_WORK TO BE COMPLETED_
Skipping the images, transcribe each record below as it is.

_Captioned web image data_
+++
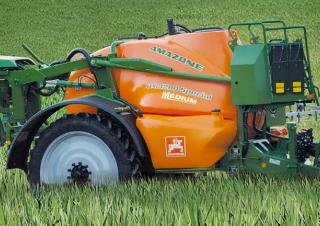 Pulverizatoare de câmp tractate Amazone UX 3200 Special (21)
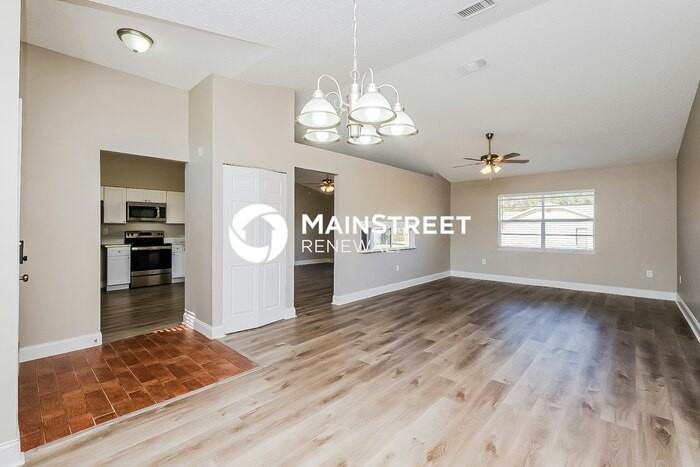 4233 Payton St - Photo 4 of 16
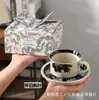 Os favoritos café retrô nostálgico xícara única pires conjunto moda cerâmica xícara de café loja de negócios evento de celebração presente de mão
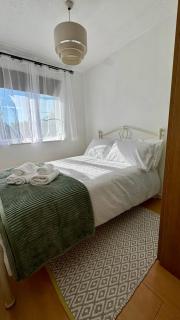 Stylish 2 Bed Home with parking - 7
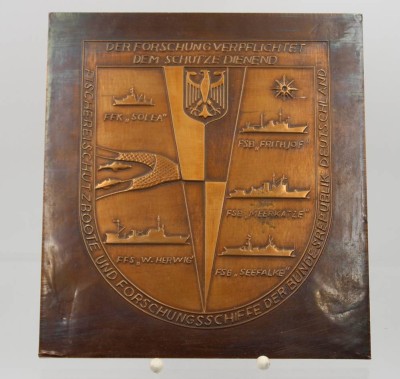 Auktion 369<br>Gedenkplatte,Fischereischutzboote und Forschungsschiffe der Bundesrepublik Deutschland, Kupfer, ca. 25 x 23cm [1]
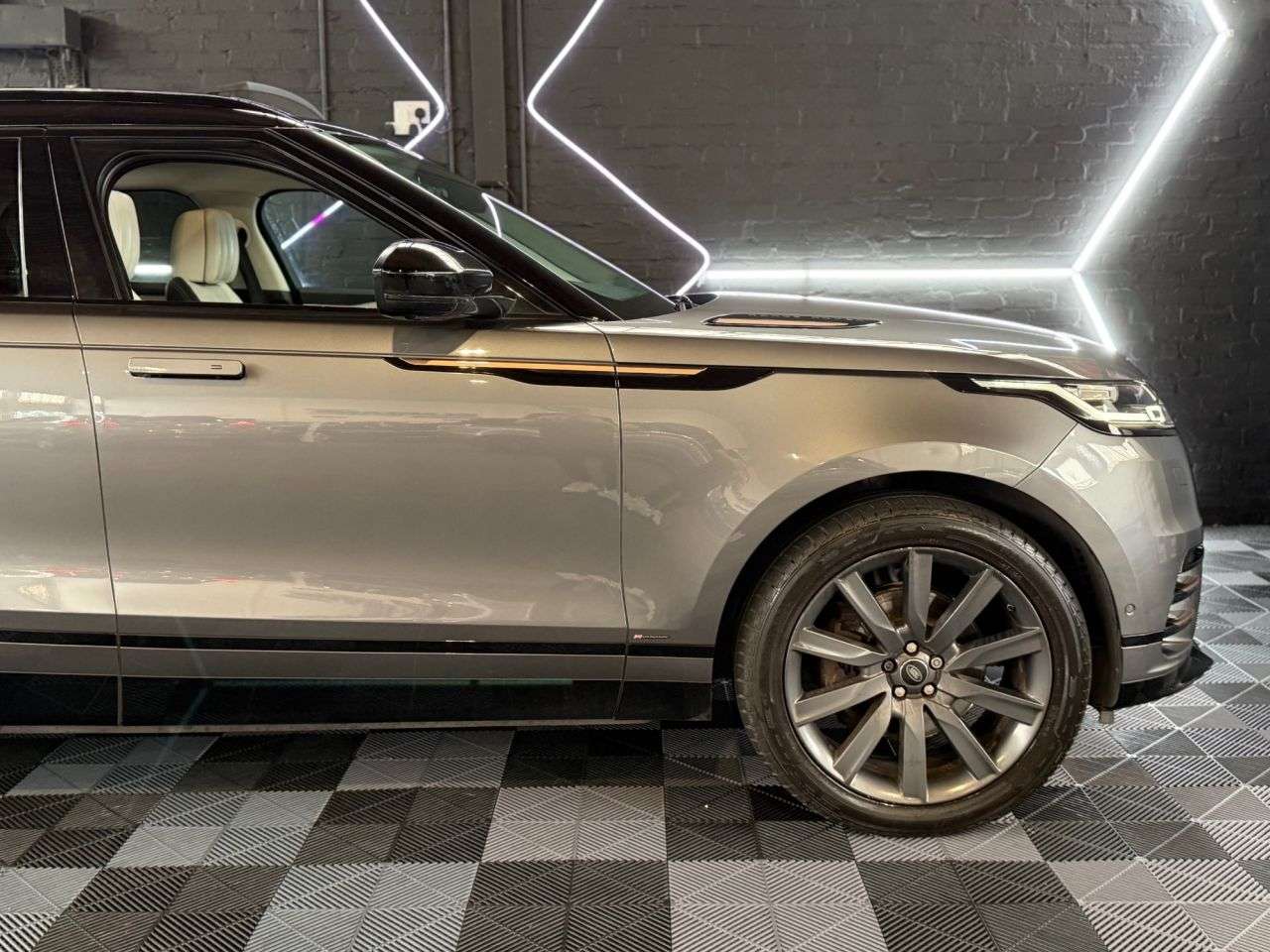 2017 LAND ROVER RANGE ROVER VELAR 2017 LAND ROVER RANGE ROVER VELAR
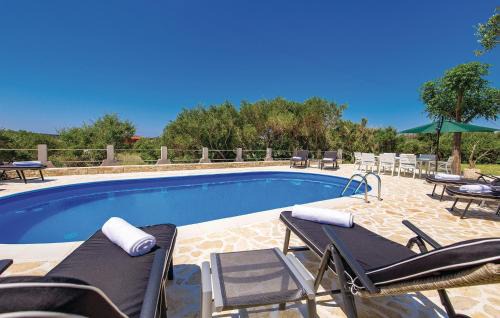 Stunning Apartment In Barbat With Wifi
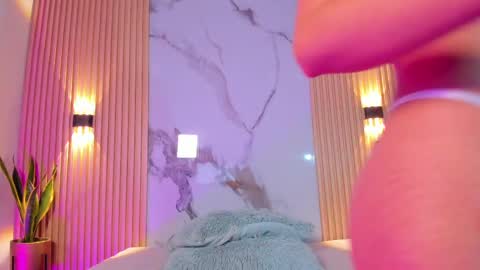 A L A N A  online show from 09.22.25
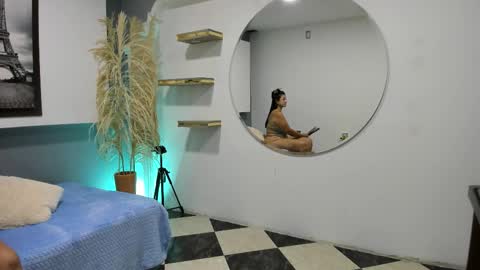 Snapshot of kagomme_h chatting on 10/20/25, 09:32 Antonella online show from 10/20/25, 09:32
+++
_ANSWER_
 Pulverizatoare de câmp tractate Amazone UX 3200 Special (21)
 4233 Payton St - Photo 4 of 16
 Os favoritos café retrô nostálgico xícara única pires conjunto moda cerâmica xícara de café loja de negócios evento de celebração presente de mão
 Stylish 2 Bed Home with parking - 7
 Auktion 369<br>Gedenkplatte,Fischereischutzboote und Forschungsschiffe der Bundesrepublik Deutschland, Kupfer, ca. 25 x 23cm [1]
 2017 LAND ROVER RANGE ROVER VELAR 2017 LAND ROVER RANGE ROVER VELAR
 Stunning Apartment In Barbat With Wifi
 A L A N A  online show from 09.22.25
 Snapshot of kagomme_h chatting on 10/20/25, 09:32 Antonella online show from 10/20/25, 09:32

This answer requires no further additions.